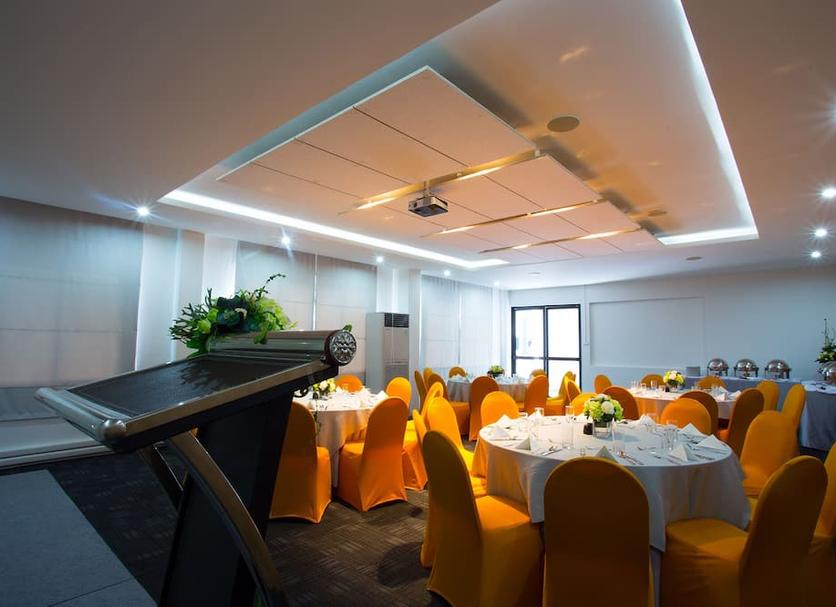 Salão de banquetes Foto
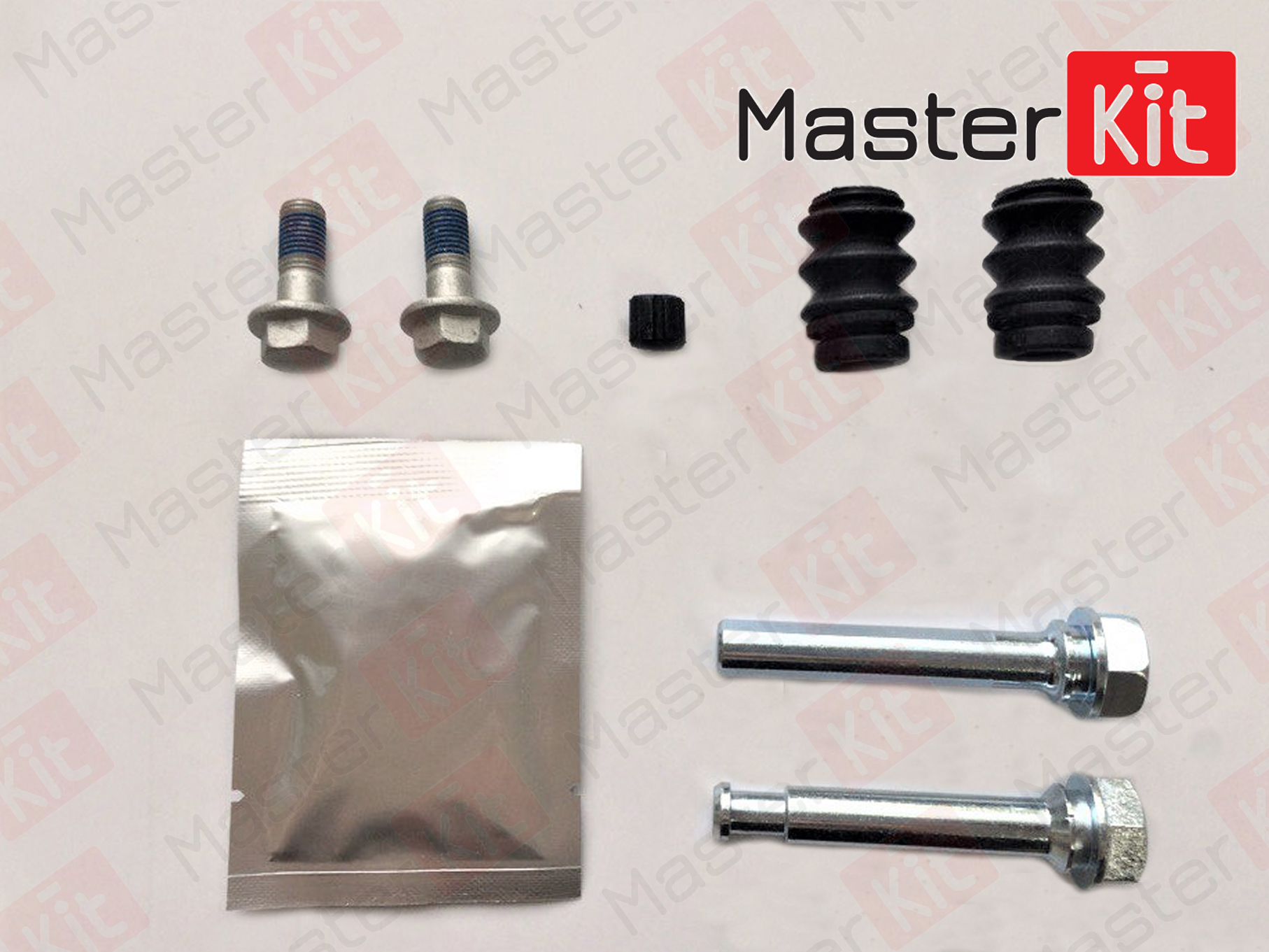 Ремкомплект рабочего цилиндра сцепления (уплотнение резиновое) MasterKit 77A1125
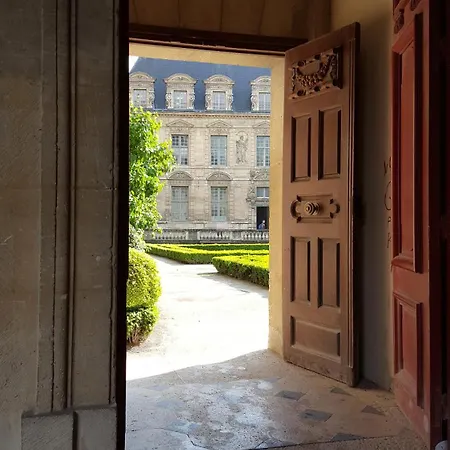 My Peaceful Haven In Center Bastille By Lift Daire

=====

- Action item
Give the preceding data back exactly, minus every picture.

- Your response
 Salão de banquetes Foto
 Ремкомплект рабочего цилиндра сцепления (уплотнение резиновое) MasterKit 77A1125
 My Peaceful Haven In Center Bastille By Lift Daire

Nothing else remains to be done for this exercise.